Les performances de l’agriculture algérienne sont suivies de près par le Département d’Etat à l’agriculture (USDA).
A travers les données obtenues grâce aux images satellitaires, Washington livre une photographie de la production algérienne pour la campagne 2025-2026, faisant ressortir une progression de plusieurs filières, notamment les céréales et les produits issus de la trituration du soja.
L’USDA) a dévoilé ses prévisions pour la production agricole en Algérie pour 2026, à travers une exploitation des images satellitaires. Les données de l’USDA se révèlent optimistes et confirment une nette amélioration des rendements par rapport aux années passées.
Dans son rapport d’évaluation, le département américain de l’Agriculture estime la production céréalière de l’Algérie à 4,65 millions de tonnes pour la saison 2025-2026, incluant 3,2 millions de tonnes de blé en hausse de 7% par rapport à 2025 et 1,35 million de tonnes d’orge attendues pour nourrir le cheptel ovin, en hausse de 13% et 12.000 tonnes récoltées de maïs, un volume stable.
Ce bilan positif met en valeur les progrès de la production locale et l’essor de la filière des tourteaux de soja. Malgré cette hausse notable de la production locale, l’Algérie continue de composer avec ses besoins d’approvisionnement et maintient des importations ciblées pour satisfaire l’intégralité de sa demande nationale, notamment en blé tendre.
Des niveaux de production inédits attendus
Grâce à une pluviométrie exceptionnelle et un soutien sans précédent, l’Algérie s’apprête à enregistrer des niveaux de production inédits de blé dur et d’orge pour la campagne moissons-battages 2026. Les prévisions officielles annoncent la plus forte production de blé dur et d’orge enregistrée depuis l’indépendance.
La production de blé en Algérie pour la campagne 2025-2026 a été estimée à 4,2 millions de tonnes, selon le système mondial d’information et d’alerte précoce de l’Organisation des Nations unies pour l’alimentation et l’agriculture (FAO).
Ces chiffres satisfaisants sont corroborés par le président du Conseil national interprofessionnel de la filière céréales (CCIFC) Ghani Benali, qui a confirmé le caractère exceptionnel de cette campagne. Selon lui, cette réussite est le fruit de précipitations généreuses, du travail acharné des agriculteurs et d’une mobilisation générale de l’État.
Les centres de collecte des céréales de l’OAIC resteront ouverts jusqu’au 30 septembre 2026 pour clôturer la campagne. Le lancement de la campagne labours-semailles 2026-2027 s’organise en parallèle, avec le dépôt des dossiers de crédit R’fig auprès de la BADR.
La transformation plus profonde de la stratégie céréalière algérienne, portée par des perspectives de récolte favorables et la volonté de desserrer l’étreinte des marchés extérieurs semble porter ses fruits. C’est ce qui ressort des dernières données publiées par la Commission européenne et relayées par Reuters, qui dressent un état précis des échanges de blé tendre, d’orge et de maïs pour la campagne 2025-2026.
Au 14 juin, les exportations totales de blé tendre de l’Union européenne atteignent 22,38 millions de tonnes pour la campagne 2025/26, contre 22,05 millions la semaine précédente.

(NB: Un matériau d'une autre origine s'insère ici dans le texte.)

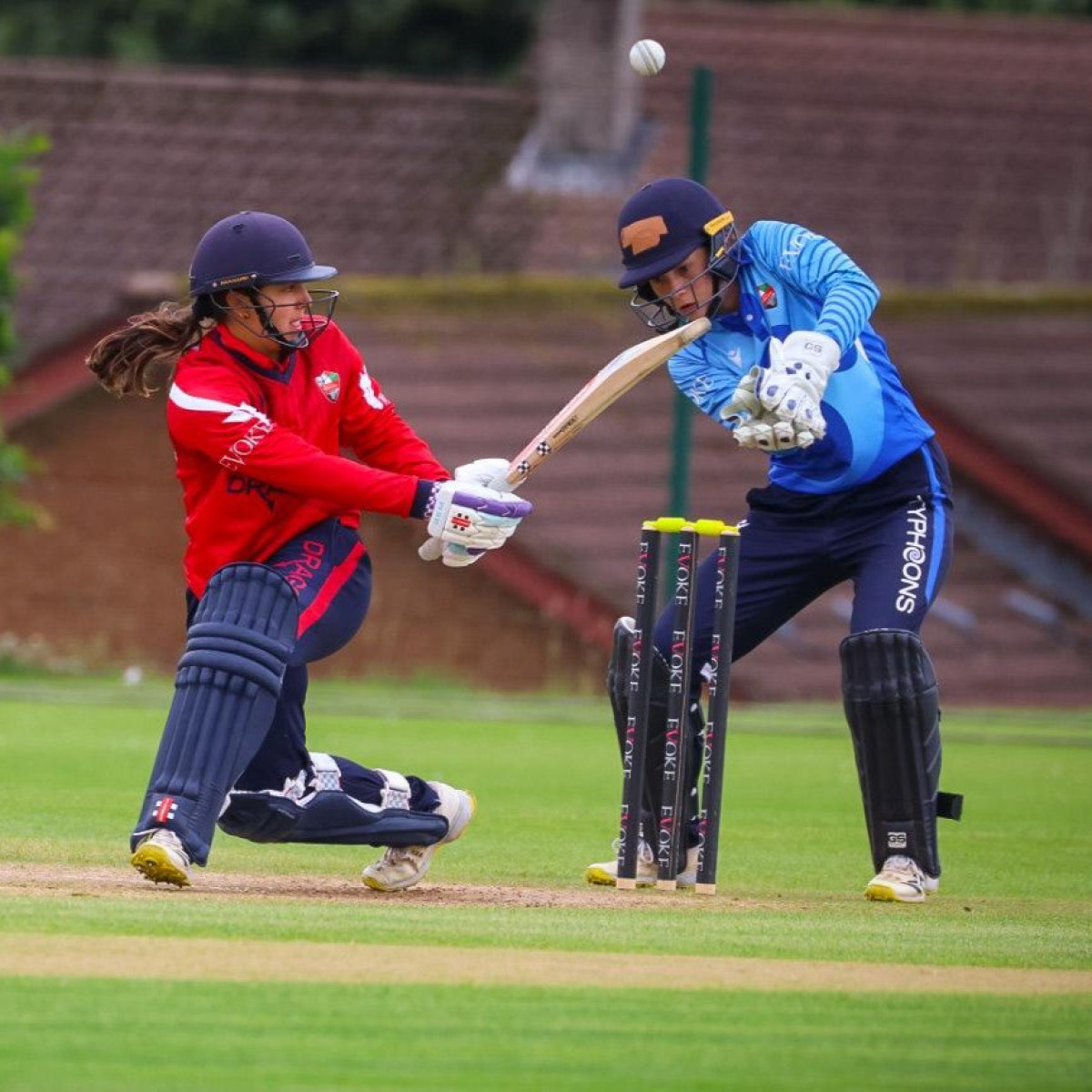 Amy Hunter Scores Flash Fifty In SuperSeries25 Thriller Fifty in 35 balls ignites passion, captivating fans in a thrilling SuperSeries display.!!!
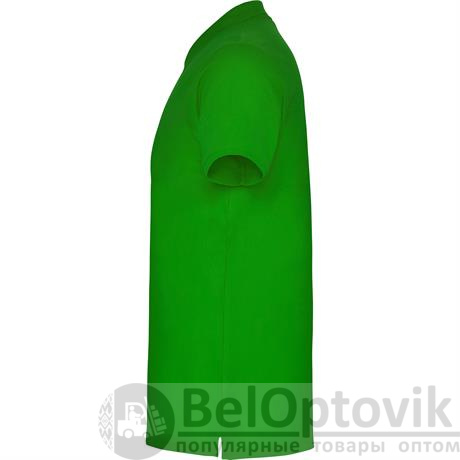 Футболка поло STAR мужская, ТРАВЯНОЙ ЗЕЛЕНЫЙ 2XL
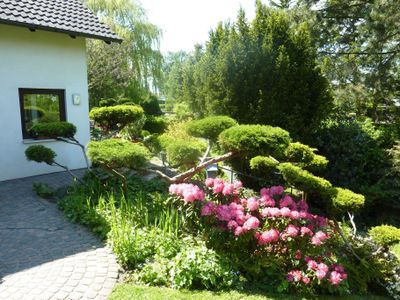 Ferienwohnung für 2 Personen (40 m²) in Naunhof 9/10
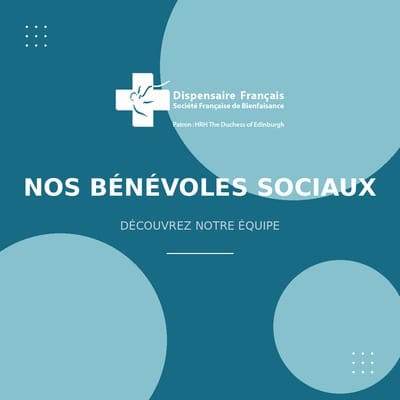Nos bénévoles sociaux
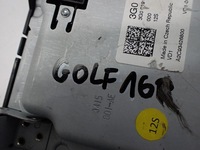 фото thumb №8, Дисплей екран радіо європа 3g0919605 vw golf vii 16r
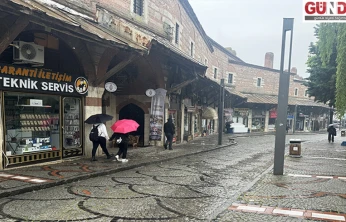 Edirne'de sıcaklıklar 9–21 derece arasında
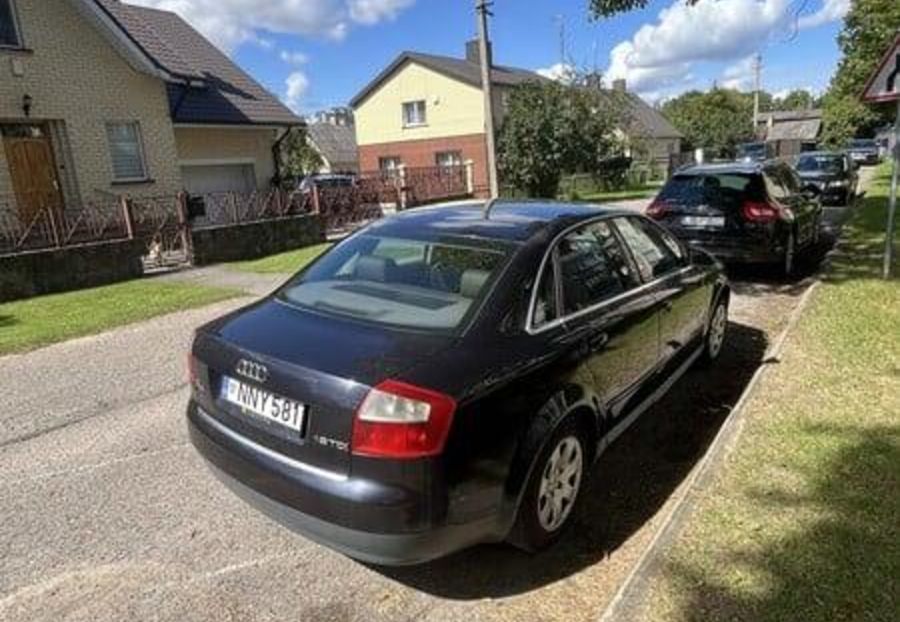 Продам Audi A4 2002 года в Сумах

Ce volume affiche une progression de 7% par rapport à la même période de la campagne de 2024/25.
Réduire la dépendance aux importations
Sur la même période de l’année dernière, l’Algérie avait acheté 1.954.410 tonnes de blé tendre auprès de l’Union européenne. L’écart atteint 808.632 tonnes, soit un repli de 41,37% en l’espace d’une année. Cette baisse marquée s’explique avant tout par l’amélioration des perspectives de production céréalière nationale pour cette campagne.
Elle s’inscrit également dans une volonté plus large de réduire la dépendance algérienne aux marchés extérieurs, dans un contexte où la multiplication des crises géopolitiques continue de peser sur les cours des matières premières. Si l’Algérie continue d’importer du blé tendre, qui sert notamment à la fabrication de la farine pour le pain, l’autosuffisance en blé dur, qui est utilisé pour fabriquer la semoule, pourrait être atteinte dès cette année. Le soutien de l’Etat a été primordial, un soutien qui concerne les semences, les engrais, le matériel, le carburant et les prêts de campagne.
Pour Tarik Hartani, membre du Conseil national de la sécurité alimentaire et coordinateur de ce comité de réflexion, l’Algérie est «confrontée à l’irrégularité des précipitations, à la perturbation des cycles culturaux, à la dégradation des écosystèmes et à l’érosion continue de la biodiversité agricole».
Selon lui, «la communauté scientifique est appelée à développer des solutions innovantes, fondées sur la recherche, afin d’accompagner la modernisation de l’agriculture et de répondre durablement aux défis environnementaux, alimentaires et économiques auxquels le pays est confronté».